=== Section Start ===
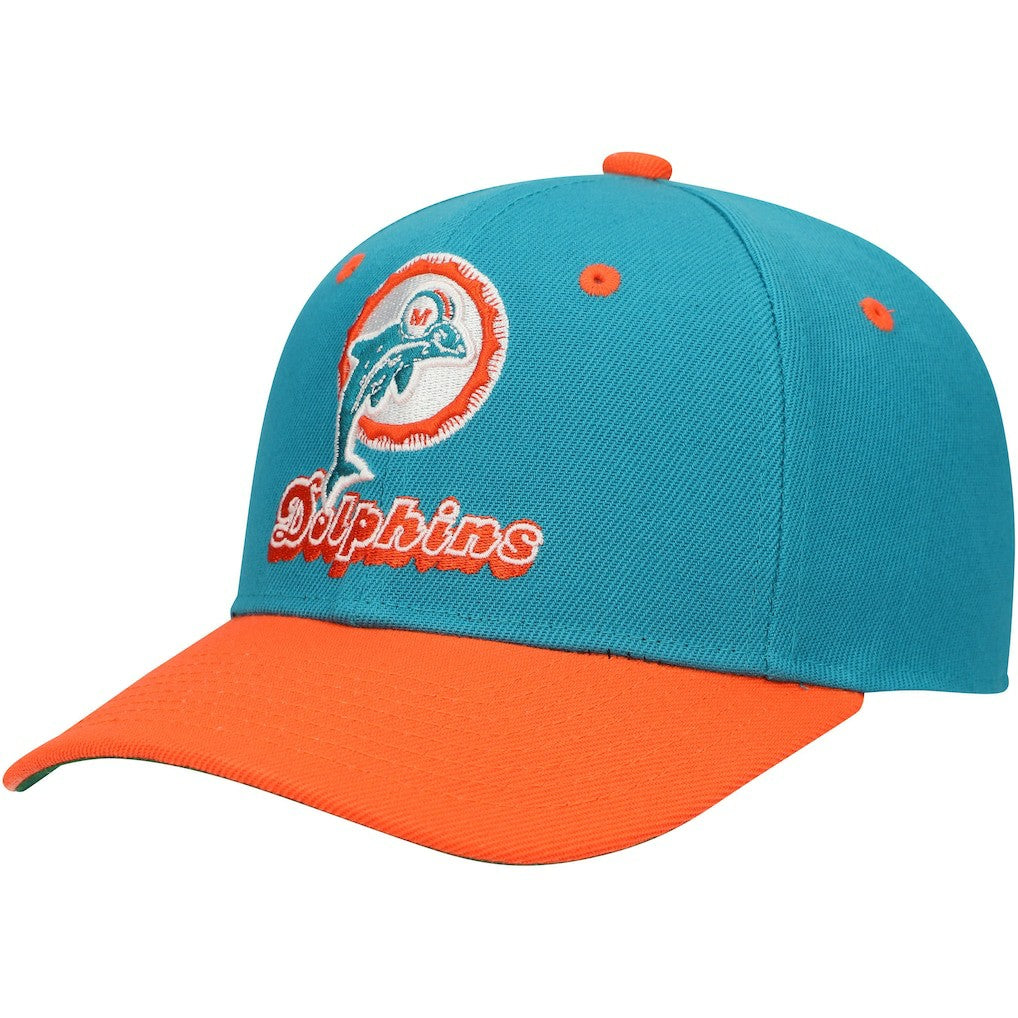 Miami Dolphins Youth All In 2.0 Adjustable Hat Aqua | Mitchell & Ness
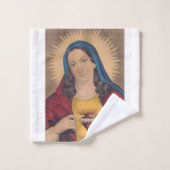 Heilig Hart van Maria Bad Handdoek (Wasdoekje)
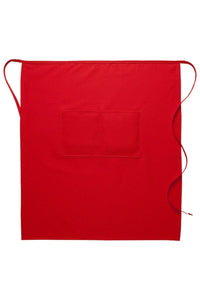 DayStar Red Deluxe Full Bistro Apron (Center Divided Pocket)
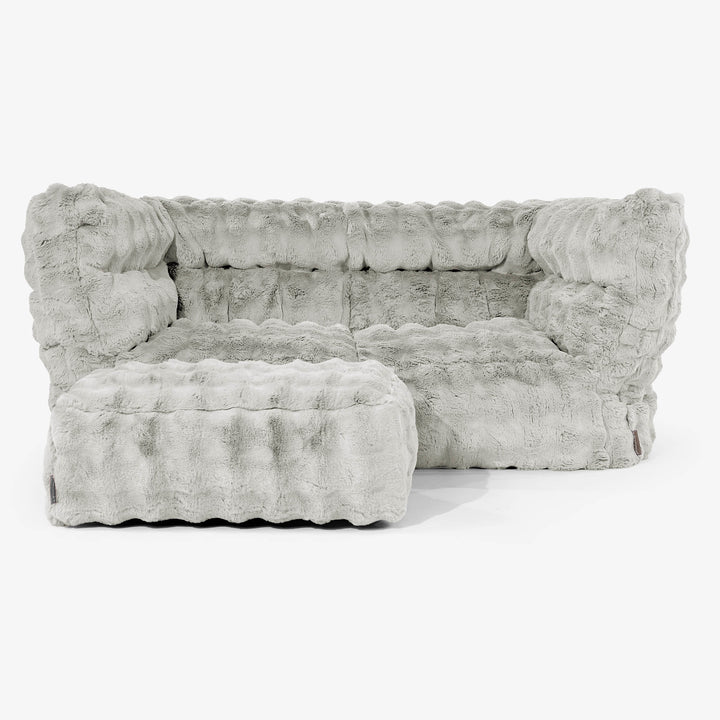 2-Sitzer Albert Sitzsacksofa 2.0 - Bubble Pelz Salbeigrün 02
=== Section End ===
=== Section Start ===
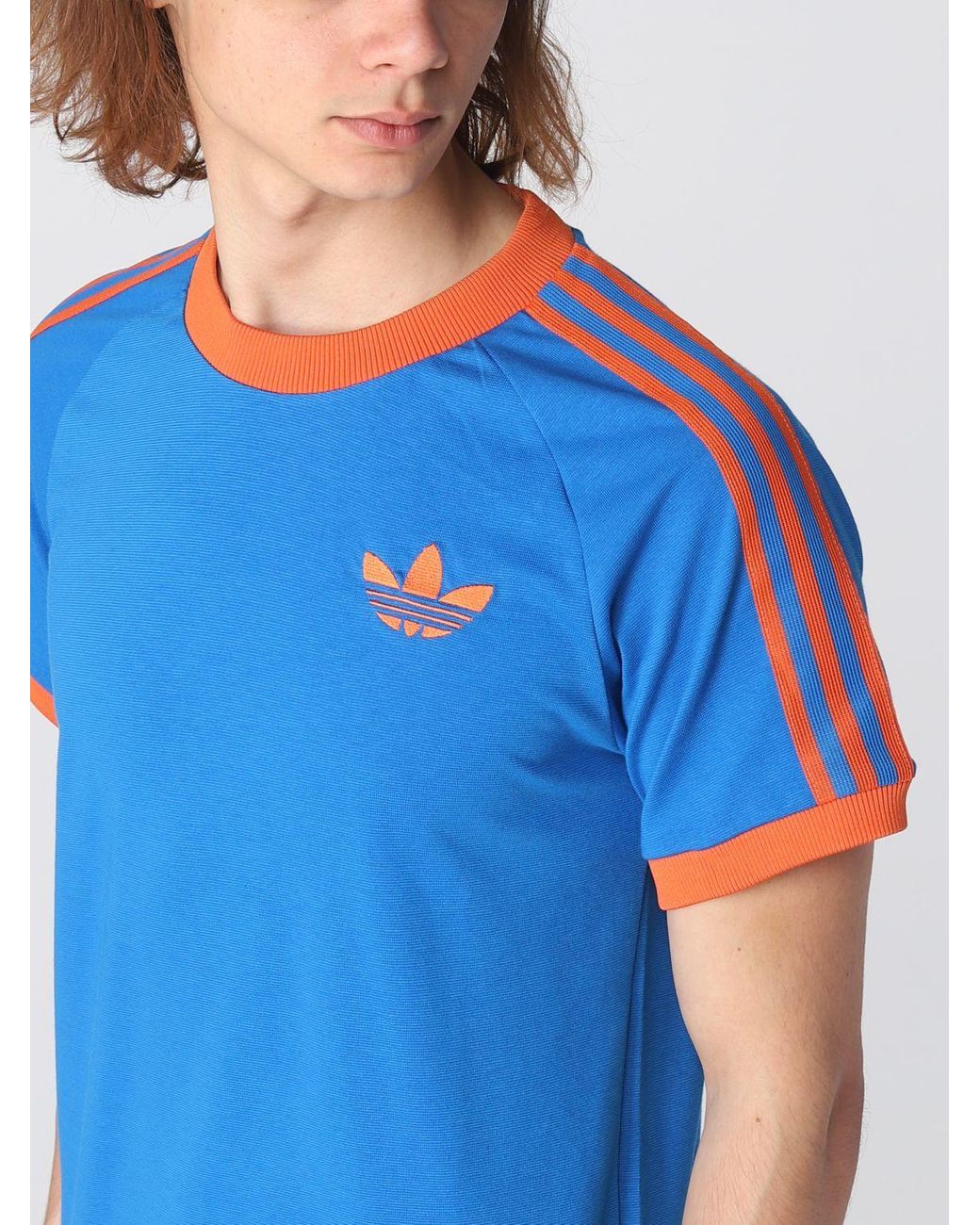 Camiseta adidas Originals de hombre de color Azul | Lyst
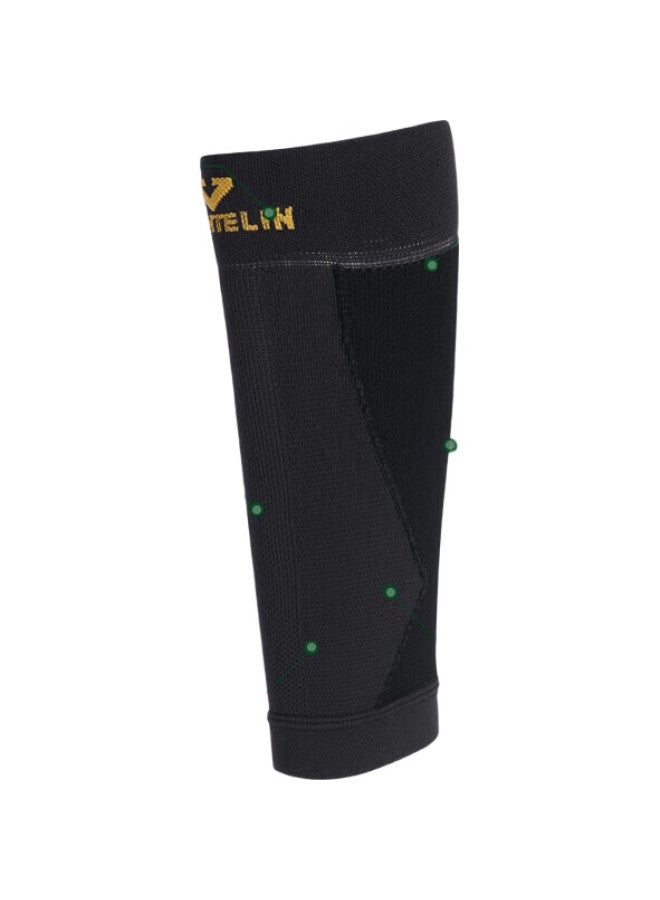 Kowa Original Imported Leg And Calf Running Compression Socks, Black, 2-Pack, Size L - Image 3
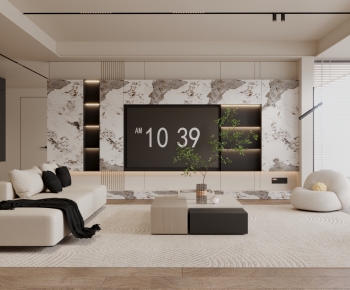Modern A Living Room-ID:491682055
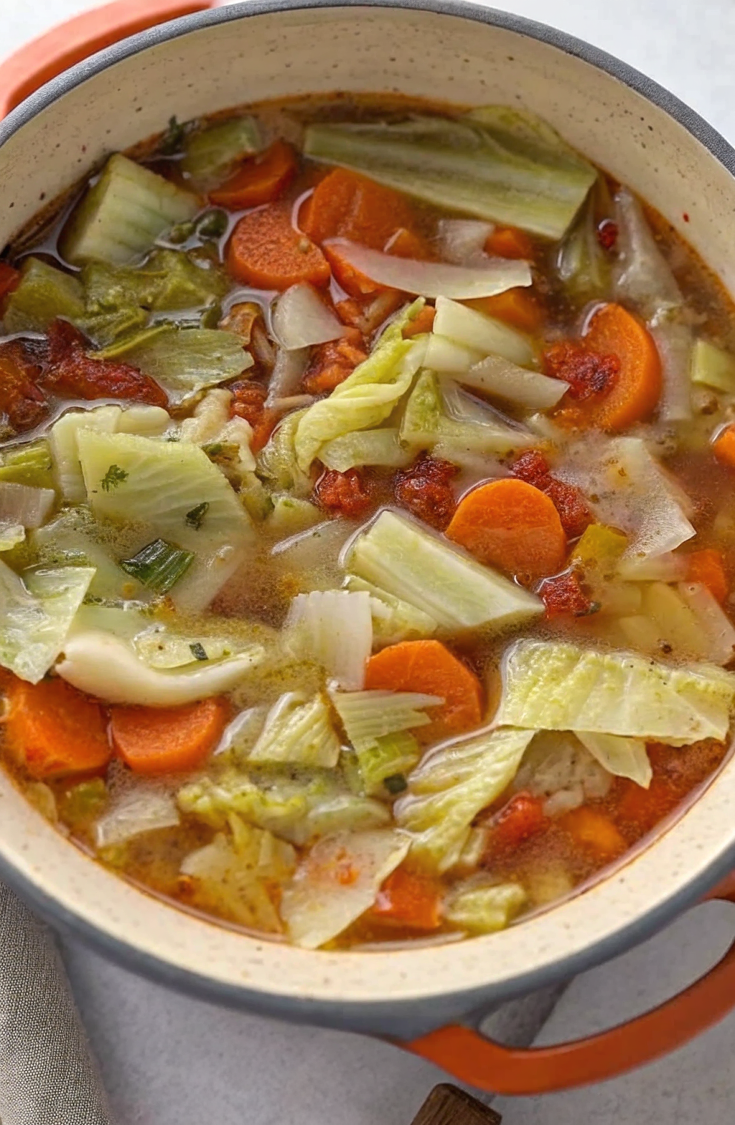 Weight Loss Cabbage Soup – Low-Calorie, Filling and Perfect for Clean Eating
=== Section End ===
EXERCISE AIM: Lines from the one above containing "Heilig Hart van" down to the one containing "2-Sitzer Albert Sitzsacksofa" should be transcribed exactly, with both ends kept and no pictures.

EXERCISE RESPONSE:
 Heilig Hart van Maria Bad Handdoek (Wasdoekje)
 DayStar Red Deluxe Full Bistro Apron (Center Divided Pocket)
 2-Sitzer Albert Sitzsacksofa 2.0 - Bubble Pelz Salbeigrün 02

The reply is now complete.